▶ MATERIAL FOR THE TASK
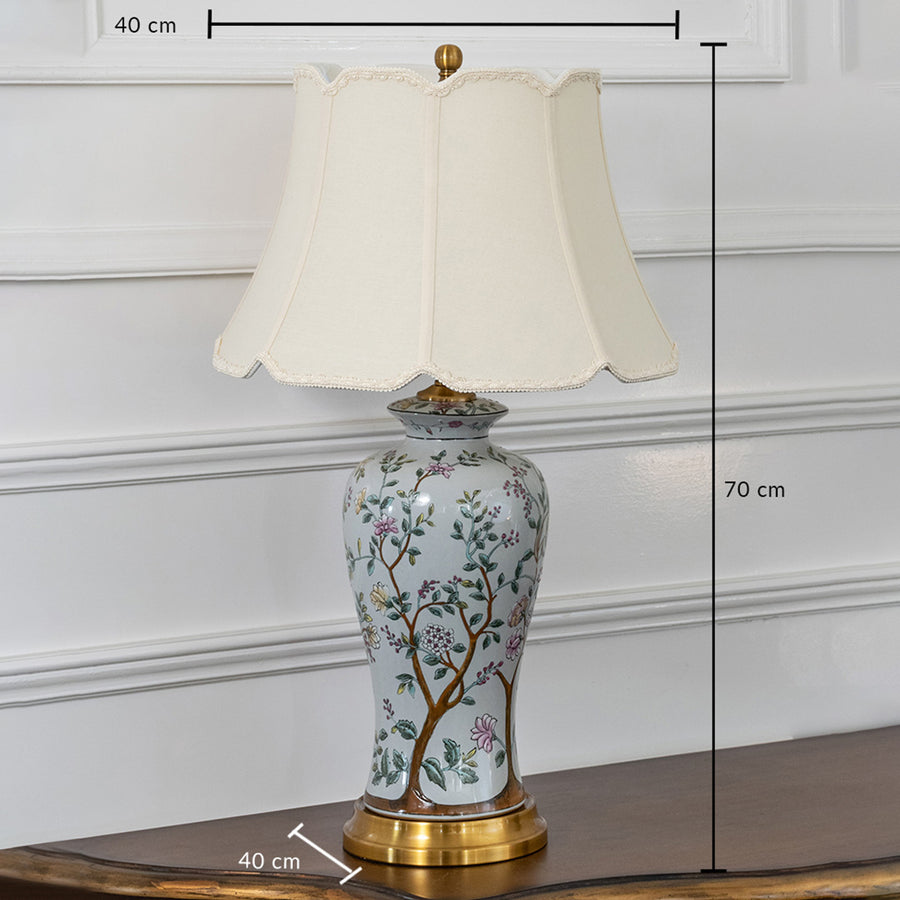 White floral ceramic table lamp with fabric shade measuring 70 cm height creating elegant traditional table lighting.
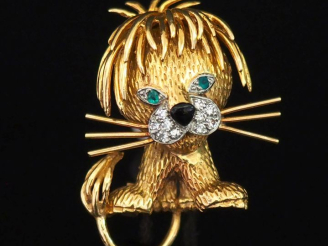 Vente aux enchères VAN CLEEF   ARPELS Broche en or jaune 750, "Lion ébouriffé". Les yeux 
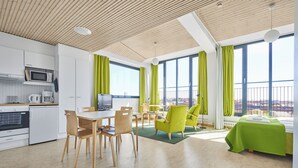 A modern kitchen with white cabinets and appliances, a dining area with wooden chairs and a table, and a balcony with green curtains. - Töölö Towers (Helsinki)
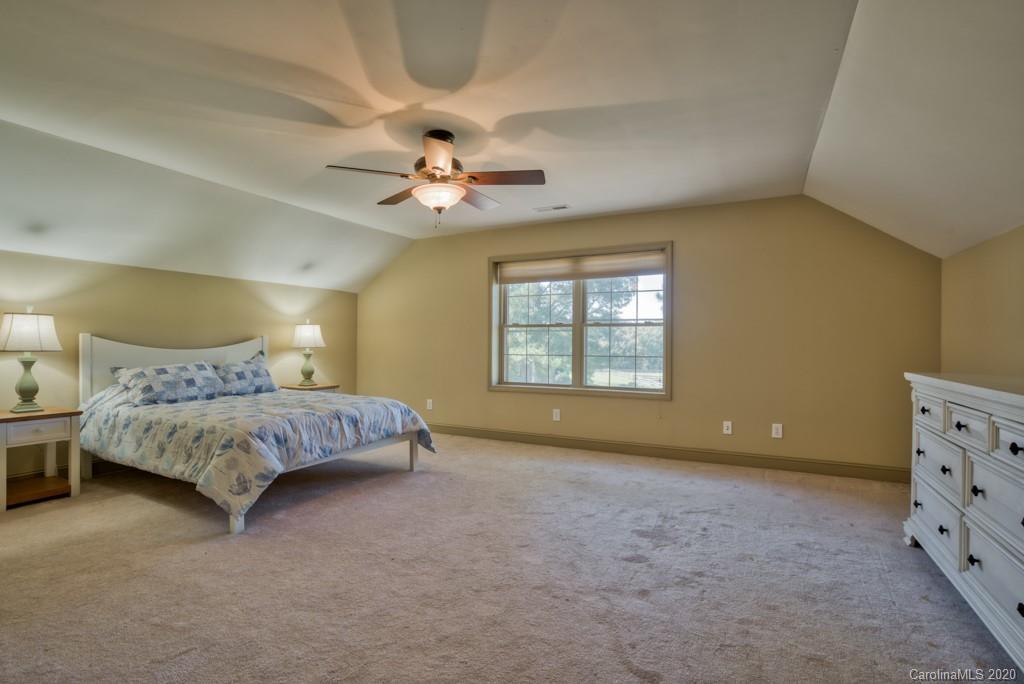 475 Gilbert Road Columbus, NC 28722 - Photo 28 of 45 a spacious bedroom with a bed and a chandelier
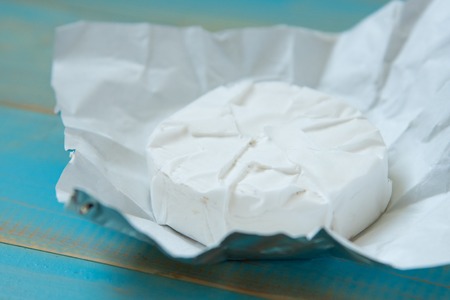 cheese camembert on the blue wooden backgroundの写真素材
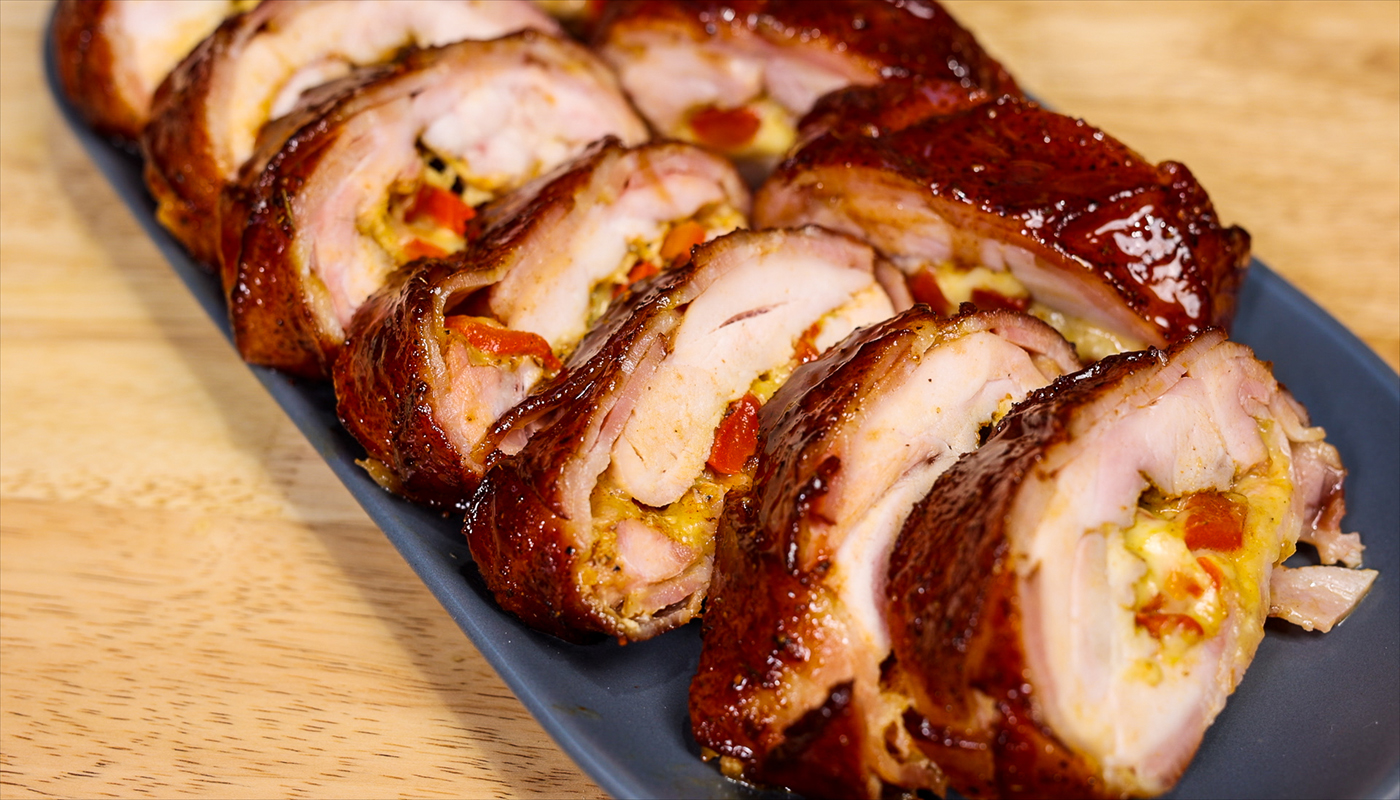 This image shows a sliced Bacon wrapped chicken Fatty.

▶ TASK DETAILS
Print the data above exactly, from its first line to the line bearing "Vente aux enchères" inclusive, and keep pictures out of the result.

▶ OUTPUT OF THE TASK
 White floral ceramic table lamp with fabric shade measuring 70 cm height creating elegant traditional table lighting.
 Vente aux enchères VAN CLEEF   ARPELS Broche en or jaune 750, "Lion ébouriffé". Les yeux 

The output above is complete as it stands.